There are two separate issues here: the first issue is that on the target system, some libraries exist, but may be at a different location. This is ok (as long as the location is in the system library path). This is because the full path to a library is not specified to the binary (under normal circumstances: see rpath later on). The output of
ldd shows the library soname specified, followed by an ASCII arrow (“
=>”), followed by the location
from which the library would be fetched were the executable executed. I’ll illustrate this functionality with an example (NOTE: please don’t use
LD_LIBRARY_PATH as a permanent solution. I’m just using it for demonstration):
Code:
$ mkdir -p /tmp/thisisatest
$ cp -L /usr/local/lib/libddccontrol.so.0 /tmp/thisisatest
$ export LD_LIBRARY_PATH="/tmp/thisisatest"
$ ldd ddccontrol
libddccontrol.so.0 => /tmp/thisisatest/libddccontrol.so.0 (0x005f3000)

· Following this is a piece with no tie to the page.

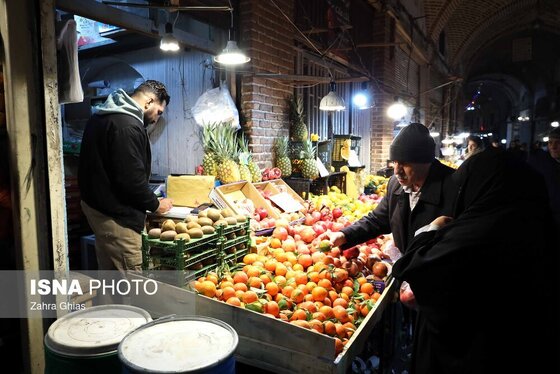 ایران زیباست | شب یلدا بازار تبریز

libxml2.so.2 => /usr/lib/libxml2.so.2 (0x02ba5000)
libz.so.1 => /usr/lib/libz.so.1 (0x00d0c000)
libpthread.so.0 => /lib/tls/libpthread.so.0 (0x00dd9000)
libm.so.6 => /lib/tls/libm.so.6 (0x00bf0000)
libc.so.6 => /lib/tls/libc.so.6 (0x00ac4000)
$ rm -rf /tmp/thisisatest
$ unset LD_LIBRARY_PATH
$ ldd ddccontrol
libddccontrol.so.0 => /usr/local/lib/libddccontrol.so.0 (0x005f3000)
libxml2.so.2 => /usr/lib/libxml2.so.2 (0x02ba5000)
libz.so.1 => /usr/lib/libz.so.1 (0x00d0c000)
libpthread.so.0 => /lib/tls/libpthread.so.0 (0x00dd9000)
libm.so.6 => /lib/tls/libm.so.6 (0x00bf0000)
libc.so.6 => /lib/tls/libc.so.6 (0x00ac4000)
/lib/ld-linux.so.2 (0x00aab000)
Notice how the first line of output changes upon changing the system’s library lookup path. Ostensibly, this should happen with some of the libraries on the target machine by default (e.g.,
libc.so.6,
libm.so.6,
libpthread.so.0, and/or
libz.so.1).
The next part of your question regards libraries that don’t exist on the target system (at all). There are many ways to deal with this (among which one of the most discouraged is fiddling with
LD_LIBRARY_PATH). If you are compiling the sources by hand, the easiest solution is to link the affected libraries statically (there is little reason to use dynamic libs for only one binary on an small system). Another solution at compile time (assuming you want to use and bundle the shared libraries) is to use runtime path specification. This is either directly or indirectly through
ld (directly with “
-rpath /path/to/libs” or indirectly through
gcc with “
-Wl,-rpath,/path/to/libs”). A third method exists if you are unable to recompile. You can use an ELF file modification program to rewrite the runtime path specification.
PatchELF is one such program. The final resort (which is often discouraged as it may exhibit unwanted behavior) is to run the resulting binary (on the host system) with the
LD_LIBRARY_PATH environment variable set to accommodate the bundled libraries).